### Dataset records ###
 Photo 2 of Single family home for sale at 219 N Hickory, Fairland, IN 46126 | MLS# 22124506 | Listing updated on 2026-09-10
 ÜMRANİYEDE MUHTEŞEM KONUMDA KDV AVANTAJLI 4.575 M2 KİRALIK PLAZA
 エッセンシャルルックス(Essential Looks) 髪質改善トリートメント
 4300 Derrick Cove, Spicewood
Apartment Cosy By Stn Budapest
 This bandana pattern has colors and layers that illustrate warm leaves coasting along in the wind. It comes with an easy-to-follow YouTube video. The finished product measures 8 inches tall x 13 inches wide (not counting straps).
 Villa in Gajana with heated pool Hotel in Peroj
###
### Dataset records ###
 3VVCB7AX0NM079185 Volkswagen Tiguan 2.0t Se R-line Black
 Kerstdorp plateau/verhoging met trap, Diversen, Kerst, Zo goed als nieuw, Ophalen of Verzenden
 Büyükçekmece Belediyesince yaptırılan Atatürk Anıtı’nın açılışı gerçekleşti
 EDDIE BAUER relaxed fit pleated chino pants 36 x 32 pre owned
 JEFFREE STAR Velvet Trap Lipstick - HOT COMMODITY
###
### Dataset records ###
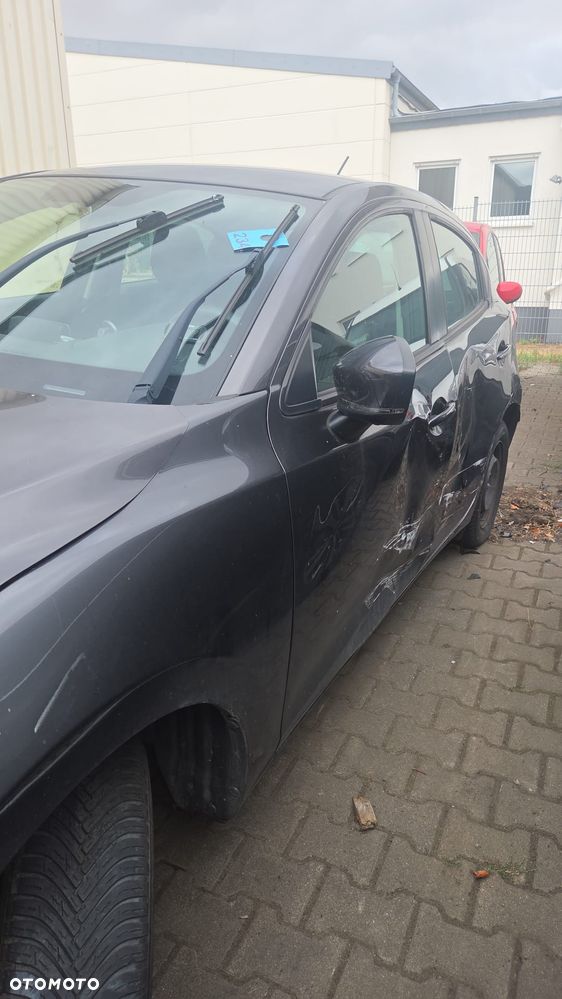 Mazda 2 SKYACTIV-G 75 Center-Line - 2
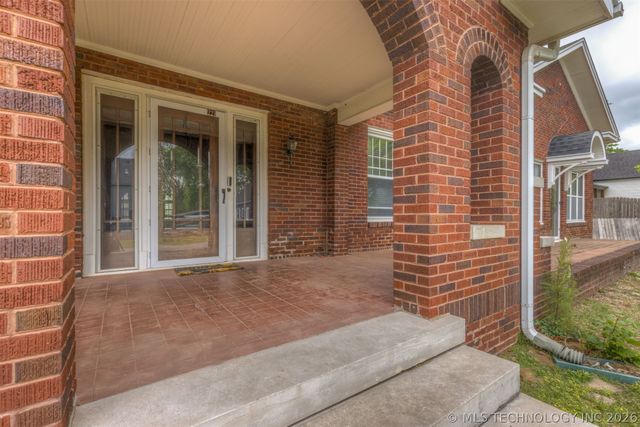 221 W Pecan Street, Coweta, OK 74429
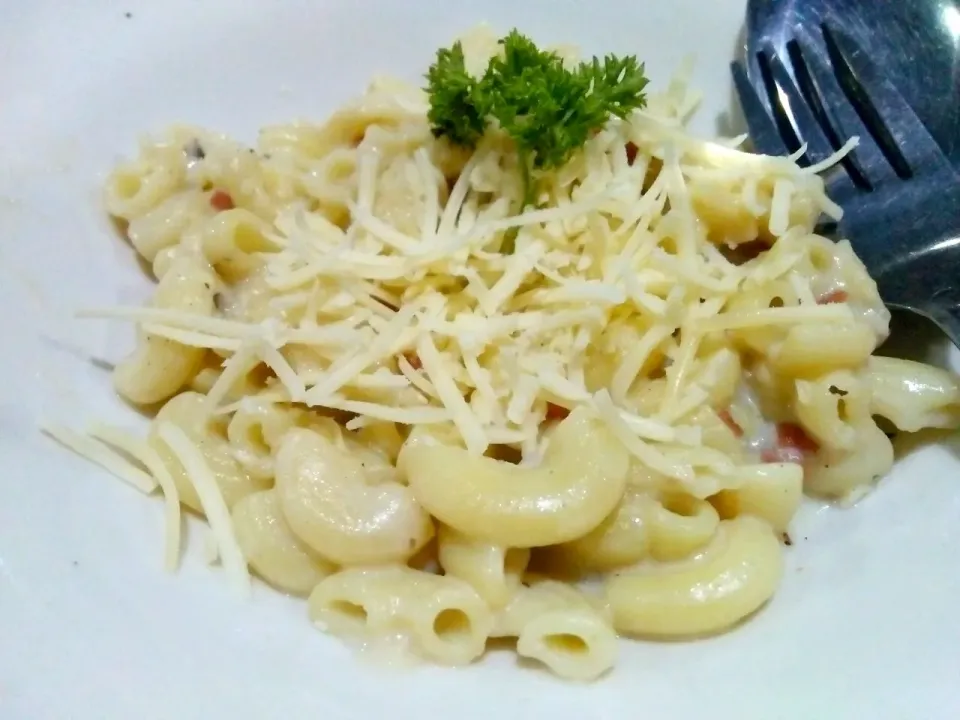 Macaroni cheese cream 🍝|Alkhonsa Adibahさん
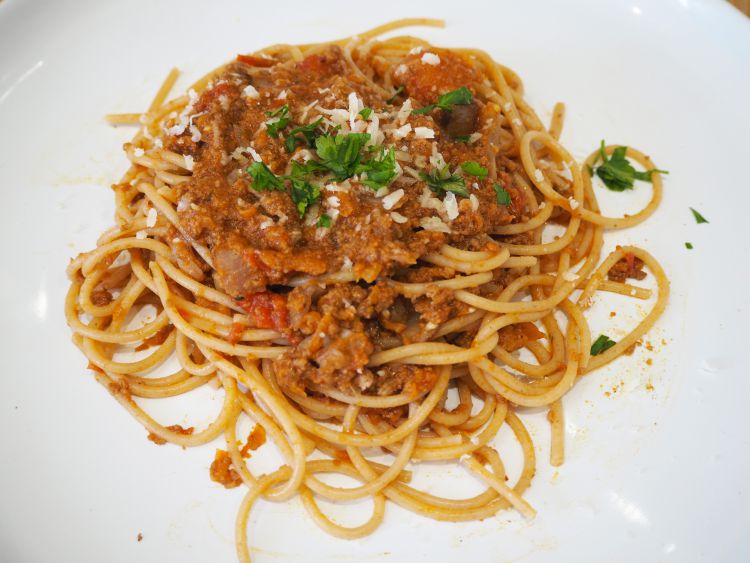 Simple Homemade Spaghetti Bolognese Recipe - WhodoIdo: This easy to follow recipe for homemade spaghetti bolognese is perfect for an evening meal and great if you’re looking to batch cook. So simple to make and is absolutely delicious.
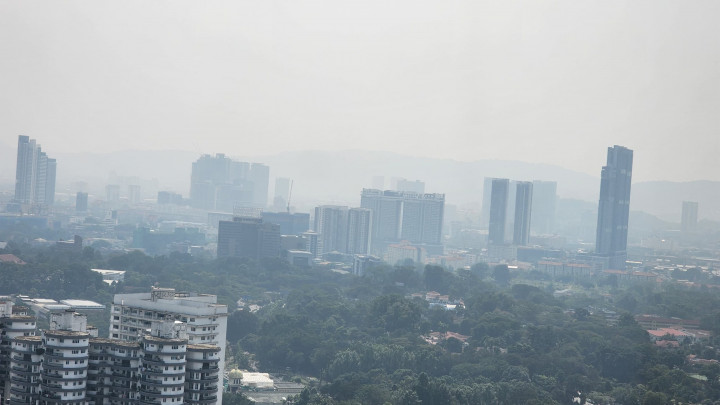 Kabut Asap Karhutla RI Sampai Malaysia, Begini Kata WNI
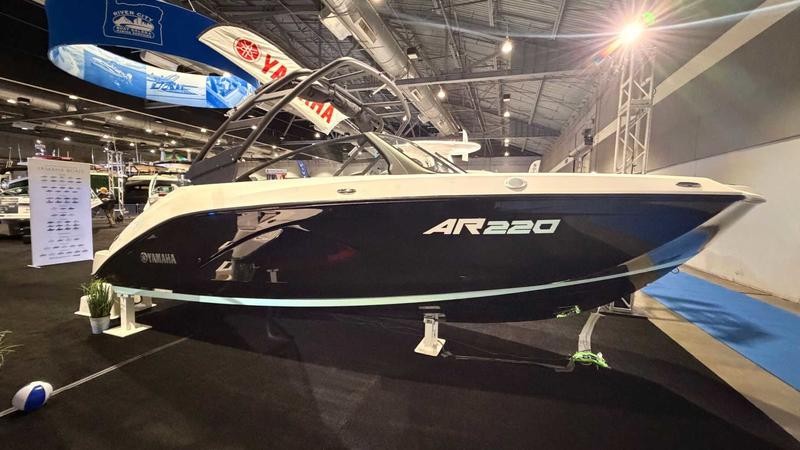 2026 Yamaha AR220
###
* _Exercise requirements_: Could you restate word for word the lines above from the one containing "Apartment Cosy By Stn Budapest" through the one containing "Villa in Gajana", both included, and nothing else?

* _Completed task_:
Apartment Cosy By Stn Budapest
 This bandana pattern has colors and layers that illustrate warm leaves coasting along in the wind. It comes with an easy-to-follow YouTube video. The finished product measures 8 inches tall x 13 inches wide (not counting straps).
 Villa in Gajana with heated pool Hotel in Peroj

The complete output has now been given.